Romli Atmasasmita Ungkap Alasan UU KPK Direvisi
JAKARTA, iNews.id - Revisi Undang-Undang Nomor 30 Tahun 2002 tentang Komisi Pemberantasan Korupsi (KPK) terus berpolemik. Masyarakat pun terbelah menyikapi beberapa poin baru dalam revisi UU KPK, salah satunya seputar dewan pengawas.
Pakar hukum Universitas Padjadjaran Prof Romli Atmasasmita menilai usulan revisi UU KPK telah memenuhi unsur filosofis, yuridis, sosiologis, dan komparatif dalam pembahasan sebuah UU.
"Pertimbangan filosofis, perjalanan KPK selama 17 tahun, sejak KPK jilid III telah menyimpang dari tujuan awal," katanya dalam keterangan tertulis yang diterima di Jakarta, Senin (9/9/2019).
Salah satu mantan perumus UU KPK ini menyebut, tujuan awal dibentuknya KPK adalah mengembalikan kerugian negara secara maksimal, melaksanakan fungsi trigger mechanism melalui koordinasi dan supervisi terhadap kepolisian dan kejaksaan.
Jika merujuk pertimbangan sosiologis, Romli menilai, dukungan masyarakat terhadap KPK tetap stabil walaupun tidak pada semua level birokrasi dan lapisan masyarakat.
"Adanya pro dan kontra Revisi UU KPK membuktikan bahwa secara sosiologis KPK tidak lagi memperoleh legitimasi yang kokoh, secara total dari seluruh masyarakat.

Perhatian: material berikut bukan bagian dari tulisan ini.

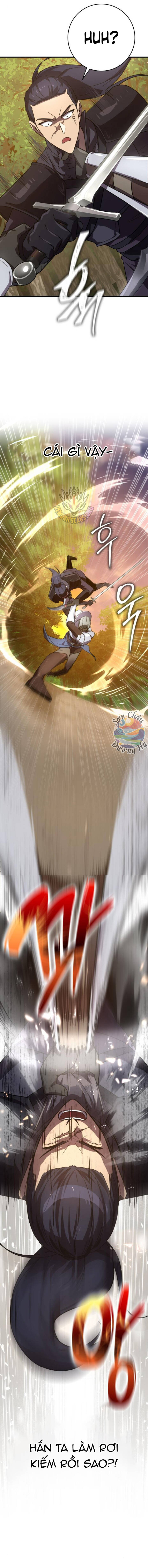 Pháp Sư Thiên Tài Đột Phá Vô Cực Chương 6 Ảnh 9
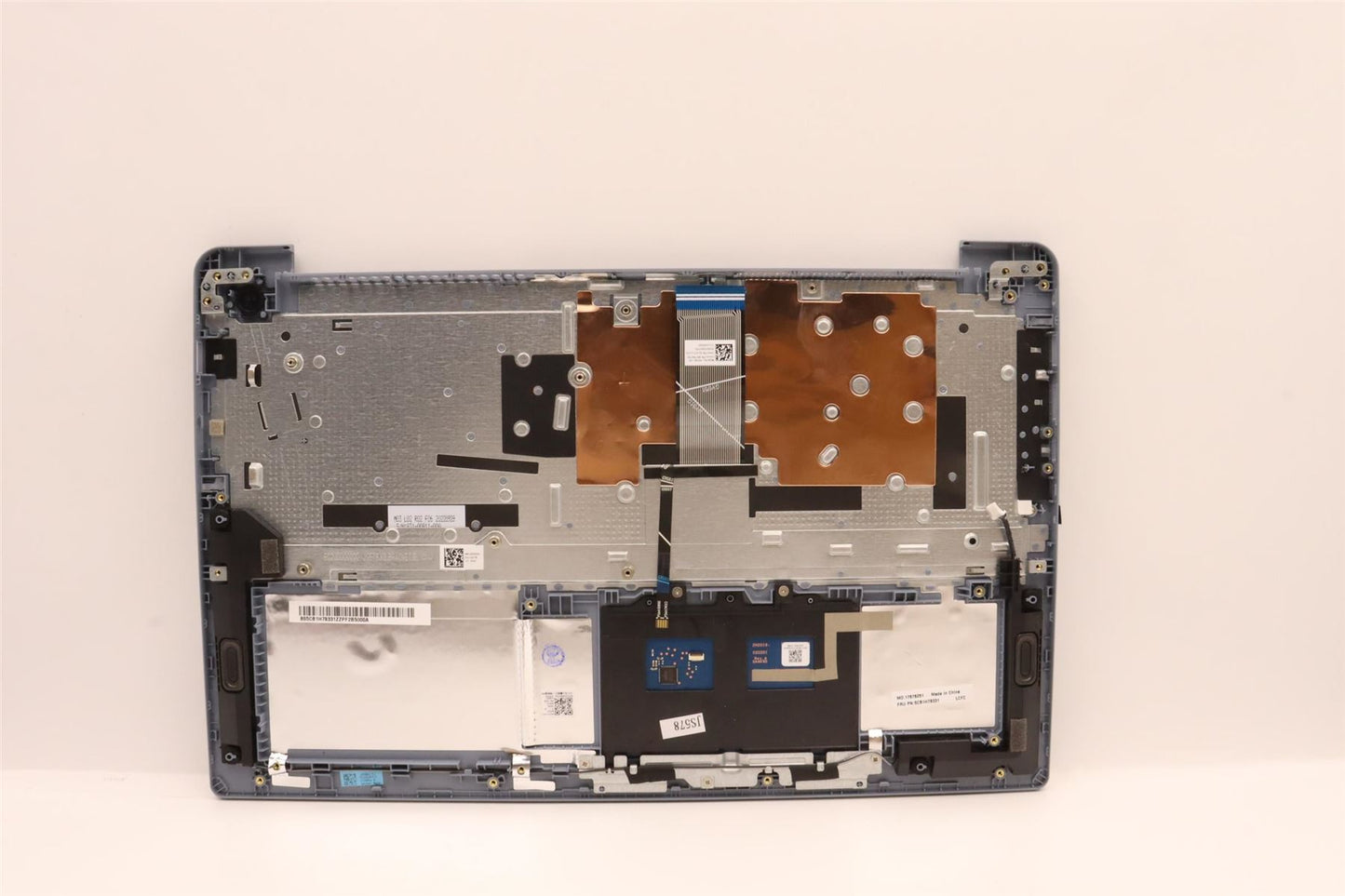 Lenovo IdeaPad 3 15IAU7 Palmrest Cover Touchpad Keyboard US Euro 5CB1H78331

Dukungan masyarakat berbeda ketika pembentukan awal KPK," tuturnya.
Romli juga menyoroti mengenai eksistensi Wadah Kepegawaian (WP) KPK. Menurut dia, lembaga tersebut telah menyimpang dari tujuan pembentukan berdasarkan PP Nomor 65/2005 tentang Sistem Manajemen Sumber Daya Manusia.
PP tersebut memberikan kewenangan kepada WP untuk menyampaikan aspirasi kepada pimpinan KPK melalui Dewan Pertimbangan Pegawai KPK. Namun, faktanya WP KPK justru berfungsi sebagai "pressure group" terhadap kebijakan pimpinan untuk memaksakan tuntutannya yang justru melanggar disiplin dan UU Kepegawaian.
"Keterangan pimpinan KPK Alexander Marwata bahwa penyidik KPK menolak memberikan berita acara penyidikan kepada yang bersangkutan menunjukkan telah terjadi pelanggaran disiplin di kalangan pegawai penyidik KPK," kata Romli.
Tindakan pelanggaran disiplin itu, dia beranggapan, mencerminkan pimpinan KPK tidak memiliki wibawa di hadapan pegawainya. Selain itu, membuktikan sistem manajemen kepegawaian, disiplin kerja tidak profesional, dan diragukan akuntabilitasnya.